**Stored data:**
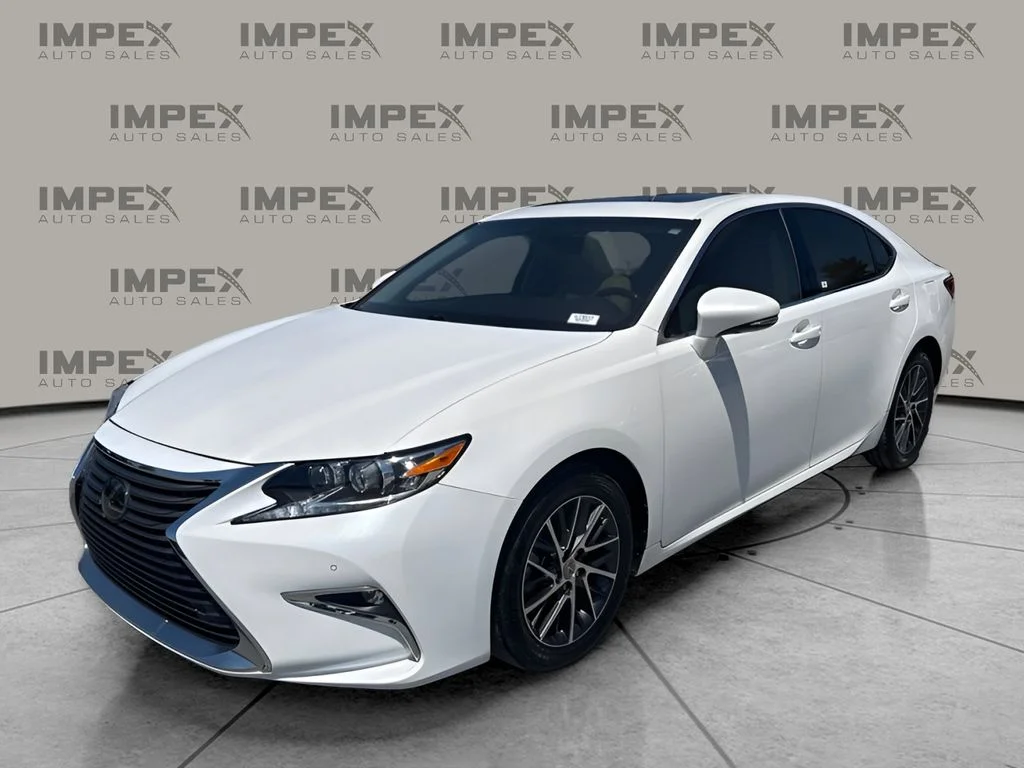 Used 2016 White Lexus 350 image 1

==

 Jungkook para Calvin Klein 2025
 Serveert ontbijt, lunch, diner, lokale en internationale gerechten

...

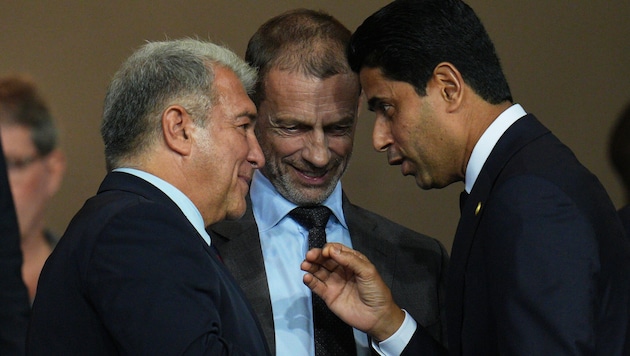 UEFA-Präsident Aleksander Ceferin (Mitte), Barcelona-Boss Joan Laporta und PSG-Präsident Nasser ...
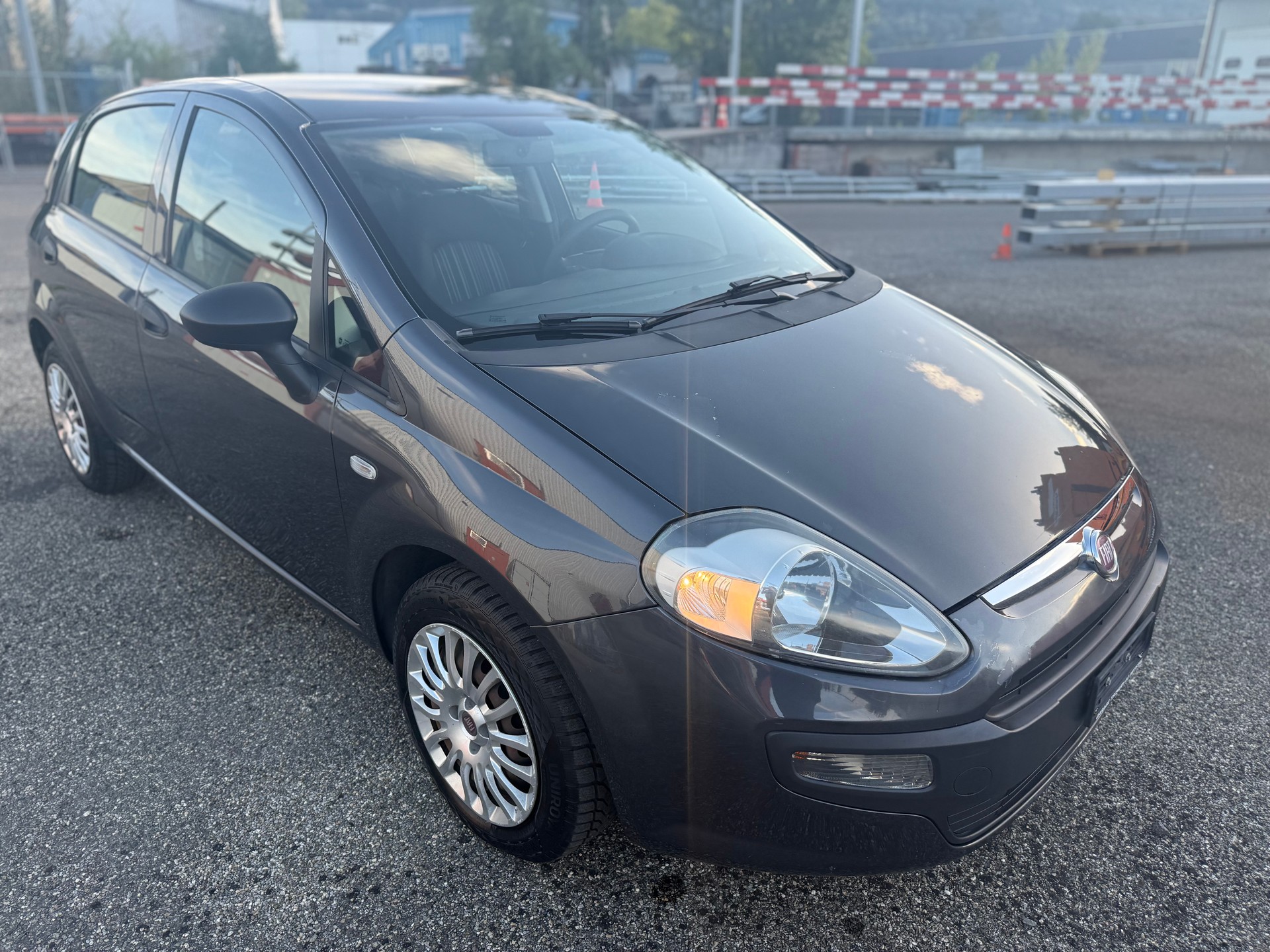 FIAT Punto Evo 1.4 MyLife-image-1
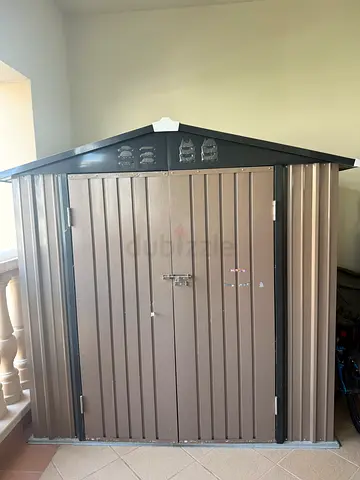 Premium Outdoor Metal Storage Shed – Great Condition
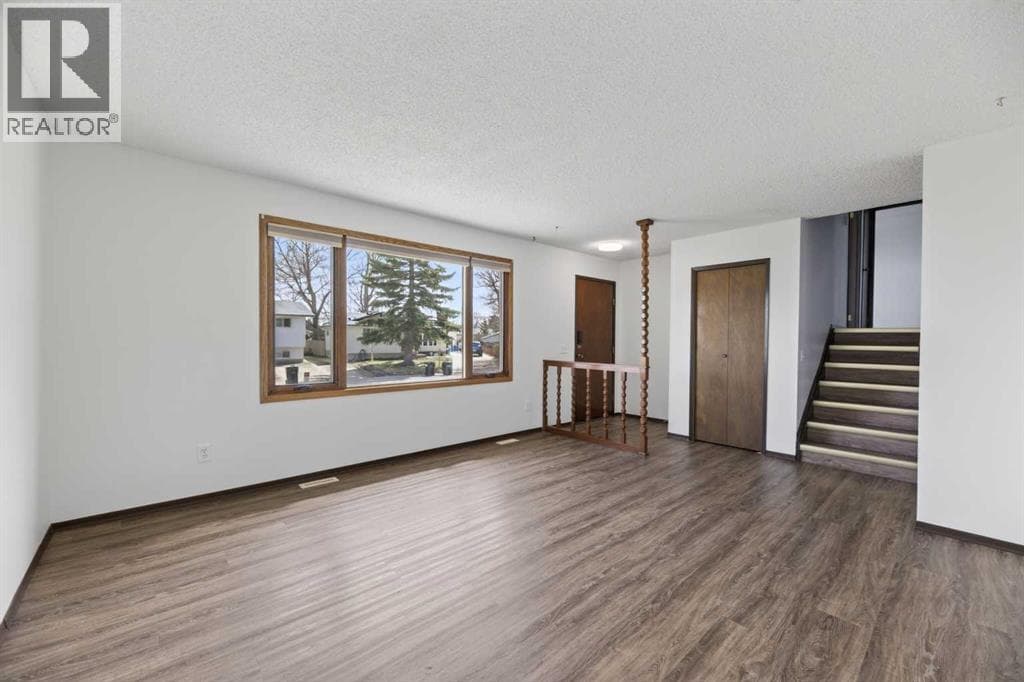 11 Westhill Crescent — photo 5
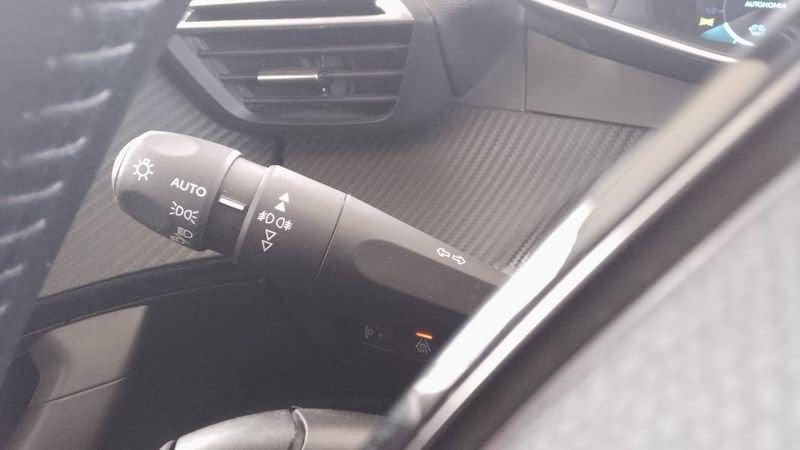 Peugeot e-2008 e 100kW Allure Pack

**Task:** Starting at the line above that contains "FIAT Punto Evo 1.4 MyLife-image-1", transcribe every line exactly through the line that contains "Peugeot e-2008 e 100kW Allure Pack", including that last one, and skip the pictures.

**Finished exercise:**
 FIAT Punto Evo 1.4 MyLife-image-1
 Premium Outdoor Metal Storage Shed – Great Condition
 11 Westhill Crescent — photo 5
 Peugeot e-2008 e 100kW Allure Pack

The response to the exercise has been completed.